Mit „Spirit“ gegen den dunklen Zeitgeist! – Ein Essay über Depeche Mode und ihr neues Album
In seiner Hörmal-Kolumne spricht Ulf Kubanke dieses Mal über das neue Depeche Mode-Album „Spirit“ und erörtert die besten Platten der Band.
März 2017: Depeche Mode sind längst und vollkommen zu Recht im Musikolymp angekommen. Popkulturell haben sie einige Großtaten vollbracht. Die Etablierung von Martin Gores stets etwas beladen wirkender SM-Ästhetik, das Öffnen des Pop-Publikums für dunkle Sounds aus der Industrial-Ecke sowie der ehedem zum Exzess neigende Frontman Dave Gahan mit seiner charismatischen Stimme lebten so ziemlich alles, was in der Welt als subserviv gilt, ganz selbstverständlich nach aussen.
Mäandern durch dystopische Gegenwart
„Spirit“ heißt das neue, mittlerweile 14. Studioalbum in fast vier Dekaden Bandgeschichte.
Wir haben keinen Respekt. Wir verloren die Kontrolle. Wir verloren unsere Seelen. Wir gehen rückwarts und fühlen nichts im Inneren.

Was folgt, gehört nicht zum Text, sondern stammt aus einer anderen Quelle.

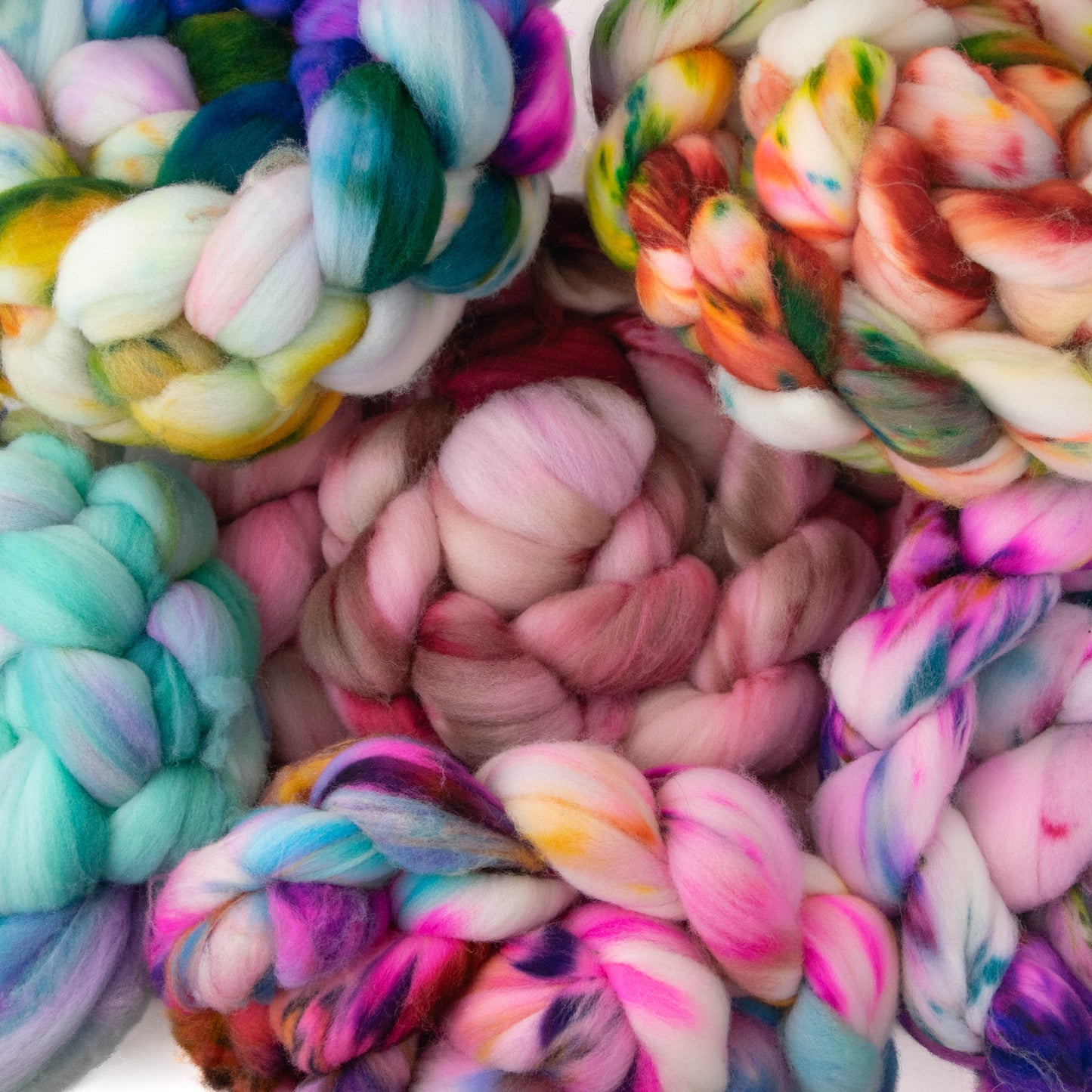 The six variegated colorways on fiber stacked up together.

schmettert Gahan zum Einstieg. Die Scheibe beginnt beklommen. Schwebend und doch schwer mäandert „Spirit“ durch unsere auf einmal so dystopische Gegenwart des noch jungen 21. Jahrhunderts. Im Gegensatz zur letzten ebenfalls sehr guten CD „Delta Machines“ spielen sie diesmal nicht den Blues sondern haben ihn (Ausnahme: „Poorman“). Ein melancholisches Dutzend Lieder künden von Verheerungen und Endzeit. Ihr Ergebnis ist realistische Bestandsaufnahme, große Unterhaltung und vor allem ein flammender Weckruf an alle, die noch was merken.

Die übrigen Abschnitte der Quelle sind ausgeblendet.